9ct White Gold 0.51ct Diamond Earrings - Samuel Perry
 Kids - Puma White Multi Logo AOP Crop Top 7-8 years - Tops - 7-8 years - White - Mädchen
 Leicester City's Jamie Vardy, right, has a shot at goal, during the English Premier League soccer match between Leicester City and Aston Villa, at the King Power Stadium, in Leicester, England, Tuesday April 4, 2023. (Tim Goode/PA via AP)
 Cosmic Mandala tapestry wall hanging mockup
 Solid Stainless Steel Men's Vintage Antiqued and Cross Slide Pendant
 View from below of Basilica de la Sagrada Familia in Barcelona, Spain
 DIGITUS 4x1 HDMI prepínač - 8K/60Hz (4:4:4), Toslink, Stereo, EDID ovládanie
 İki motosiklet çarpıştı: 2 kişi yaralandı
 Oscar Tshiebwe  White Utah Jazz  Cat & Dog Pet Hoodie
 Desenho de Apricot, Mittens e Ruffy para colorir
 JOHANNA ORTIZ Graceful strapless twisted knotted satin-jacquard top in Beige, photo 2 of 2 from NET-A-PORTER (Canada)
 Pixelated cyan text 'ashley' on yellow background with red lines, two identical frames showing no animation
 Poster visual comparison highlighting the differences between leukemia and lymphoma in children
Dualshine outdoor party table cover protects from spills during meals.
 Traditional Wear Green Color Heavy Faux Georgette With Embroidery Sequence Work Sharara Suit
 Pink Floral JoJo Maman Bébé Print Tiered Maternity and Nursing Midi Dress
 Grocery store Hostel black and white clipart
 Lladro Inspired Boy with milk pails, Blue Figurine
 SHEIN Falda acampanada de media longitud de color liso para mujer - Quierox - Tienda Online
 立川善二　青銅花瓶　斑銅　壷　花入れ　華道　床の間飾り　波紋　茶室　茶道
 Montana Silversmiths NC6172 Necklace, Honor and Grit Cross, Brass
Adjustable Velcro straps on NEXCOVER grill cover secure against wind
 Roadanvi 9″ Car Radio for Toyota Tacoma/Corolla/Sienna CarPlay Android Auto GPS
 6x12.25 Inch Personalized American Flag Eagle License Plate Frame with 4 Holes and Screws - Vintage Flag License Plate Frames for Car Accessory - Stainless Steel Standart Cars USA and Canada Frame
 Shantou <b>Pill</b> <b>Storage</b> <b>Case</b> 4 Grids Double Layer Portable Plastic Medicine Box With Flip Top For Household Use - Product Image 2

:::

**YOUR ASSIGNMENT:**
The lines to return are those in the material above that hold "para".

**RESULT FOR THIS TASK:**
 Desenho de Apricot, Mittens e Ruffy para colorir
 SHEIN Falda acampanada de media longitud de color liso para mujer - Quierox - Tienda Online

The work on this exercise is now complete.